Some might think that teaching a course entitled “Black Conservatives and their Discontent: African Americans and Conservatism in America” during a semester of a presidential election would be something of a godsend. What discussions you could have with your class about the election and the politics of the moment in connection with conservatism! Ah, what could be said about Black conservatives voting for Donald Trump! But I had no such discussions. I assumed most Black conservatives were voting for Trump, if they survived being lectured to or even assaulted about their choice from aggrieved old White liberal women, a point Black conservatives frequently use to illustrate how White liberals and leftists will not grant the same range of political choice to Blacks as they do to themselves. Some had a bit of trouble from White Trump supporters but I suppose this was a relatively minor political hazard, which illustrates another point that some White conservatives are still not thrilled with the idea of having Black comrades. Clarence Thomas wrote an essay that touched upon this some years ago entitled “No Room at the End: The Loneliness of the Black Conservative” which can be found in Black and Right: The Bold New Voice of Black Conservatives in America (edited by Stan Faryna, Brad Stetson, and Joseph G. Conti, Praeger, 1997). Other Black conservatives have mentioned this as well in a voice that is defiant, plaintive, and self-pitying in one complex chord about being inside yet outside American conservatism. In any case, Blacks who were going to vote for Trump would have no trouble doing so, except for criticism from liberals and leftists accusing them of being race traitors, a charge tossed about so often that it is beginning to lose its sting. So, none of this fever-of-the-moment bad behavior interested me. People behaved far worse during American presidential elections in the nineteenth century. Just think of the time during the age of segregation when some segregationist would make sure that you, as a Black person, would lose your job if you tried to vote or some registration clerk would ask you to recite the entire Constitution if you wanted to register or some racist fire-breather would try to take your life if you tried to organize Black voters in some Alabama county.

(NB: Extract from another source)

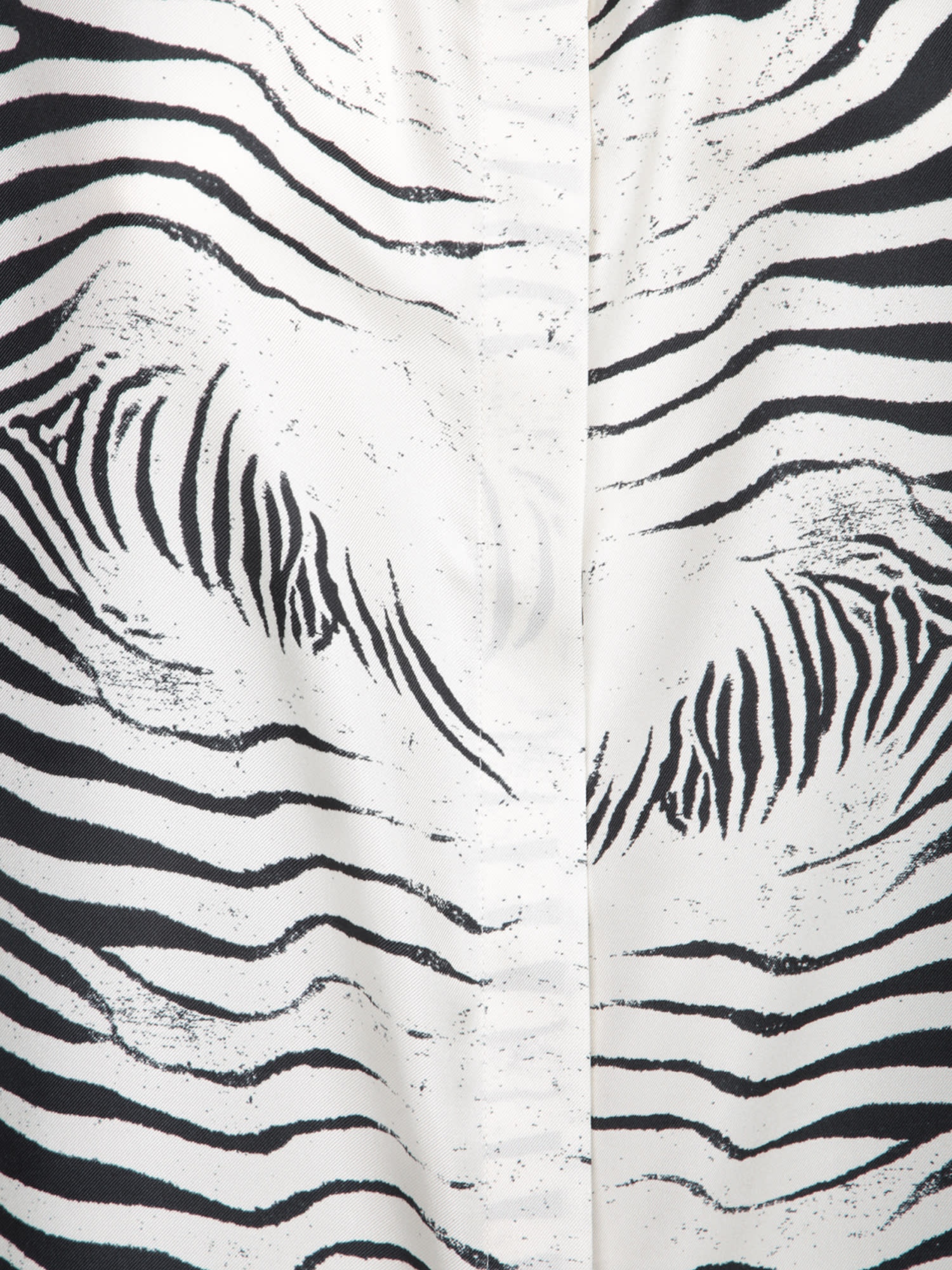 ROBERTO CAVALLI ZEBRA BLACK AND WHITE SILK SHIRT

I mentioned Kamala Harris in class once in passing. Donald Trump was mentioned twice, also in passing. There was no discussion at all about the election. Class time is precious and I did not want to waste it on “current events,” about which, I have always felt, nothing intelligent can be said. There is nothing I feel more overrated pedagogically than the use of current events in the classroom. Students, I am sure, might love reviving the incendiary commentary of social media. Few things depress me more than the thought of such a revival. My feeling about current events is it is hard to know even what you are looking at or experiencing. It is truly looking through a glass darkly. When I was in high school, I had to buy subscriptions (significantly discounted, to be sure, for students) to Newsweek and The New York Times for an elective I took called “Current Events.” I hated the class. I almost never read Newsweek or the Times, and earned a well-deserved D as a final grade. The teacher should have given me that grade for holding the class in such contempt. The irony was that I took the class because I thought I would earn an easy A. What I learned about myself was this: while I was very interested in what had gone on in the world, I was not terribly interested in what was happening at the moment. There are two things I fear about class discussions about current events: that they would inevitably be pointless and that the class would spin out of control or, shall I say, out of my control. I hate pointless classes where no true objective was achieved and I hate not being in control of my classes. Put another way: a class out of my control is for me, by definition, pointless. I treat a class in many ways as an autocratic director treats a film set. I do not necessarily think this is good but I am, as all people are, helpless before my own temperament.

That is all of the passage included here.